Was ist der Unterschied zur Gebäudeversicherung?

Die Gebäudeversicherung schützt die Bausubstanz selbst — etwa bei Feuer-, Sturm- oder Leitungswasserschäden. Die Vermieterhaftpflicht dagegen greift, wenn Dritte durch die vermietete Immobilie zu Schaden kommen und der Vermieter dafür haftbar gemacht wird.

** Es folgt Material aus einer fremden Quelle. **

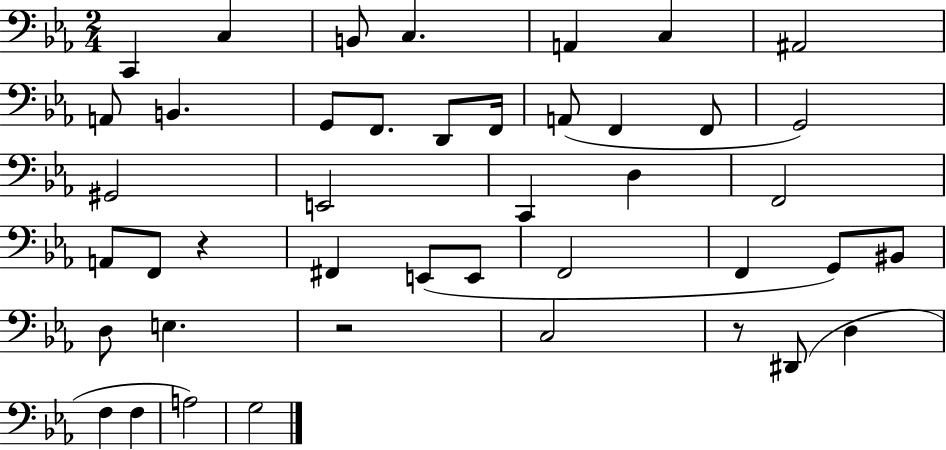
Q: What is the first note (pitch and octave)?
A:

Was deckt die Vermieterhaftpflicht ab?

  • Personen- und Sachschäden Dritter durch mangelhafte Instandhaltung (z. B. lose Handläufe, defekte Stufen)
  • Schäden durch nicht rechtzeitig geräumten Schnee oder Glätte, sofern die Räumpflicht beim Vermieter liegt — siehe Schneeräumpflicht im Winter
  • Schäden durch herabfallende Dachziegel oder Fassadenteile
  • Wasserschäden bei Nachbarwohnungen durch marode Leitungen im Gemeinschaftseigentum
  • Rechtsschutzkosten bei unberechtigten Ansprüchen gegen den Vermieter

Was die Versicherung nicht abdeckt

  • Schäden am eigenen Gebäude selbst (dafür ist die Gebäudeversicherung zuständig)
  • Vorsätzlich herbeigeführte Schäden
  • Schäden durch grobe Fahrlässigkeit, wenn bekannte Mängel nicht behoben wurden
  • Mietausfall durch Zahlungsausfall des Mieters — dafür gibt es die separate Mietausfallversicherung

Wer braucht eine Vermieterhaftpflicht?

Grundsätzlich jeder, der Wohnraum vermietet — unabhängig davon, ob es sich um eine einzelne Wohnung oder ein ganzes Mehrfamilienhaus handelt. Bei Eigentumswohnungen innerhalb einer WEG greift teilweise bereits eine Gemeinschaftsversicherung für das Gemeinschaftseigentum — für das eigene Sondereigentum bleibt die individuelle Absicherung trotzdem sinnvoll.

Was kostet eine Vermieterhaftpflicht?

Die Beiträge liegen je nach Objektgröße und Anbieter meist zwischen 50 und 150 € pro Jahr und Gebäude — ein im Verhältnis zum Haftungsrisiko geringer Betrag.

Häufige Fragen

Reicht meine private Haftpflichtversicherung nicht aus?

Nein — private Haftpflichtversicherungen schließen Risiken aus der Vermietung von Wohnraum in der Regel ausdrücklich aus. Dafür ist immer eine separate Vermieterhaftpflicht nötig.

Brauche ich die Versicherung auch bei nur einer vermieteten Wohnung?

Ja — das Haftungsrisiko besteht unabhängig von der Anzahl der Mietobjekte. Bei nur einer Einheit sind die Beiträge entsprechend niedriger.

Zahlt die Versicherung auch bei Schäden, die der Mieter selbst verursacht hat?

Nein — dafür haftet der Mieter über seine eigene private Haftpflichtversicherung. Die Vermieterhaftpflicht greift nur, wenn der Vermieter selbst eine Pflichtverletzung begangen hat, etwa durch unterlassene Instandhaltung.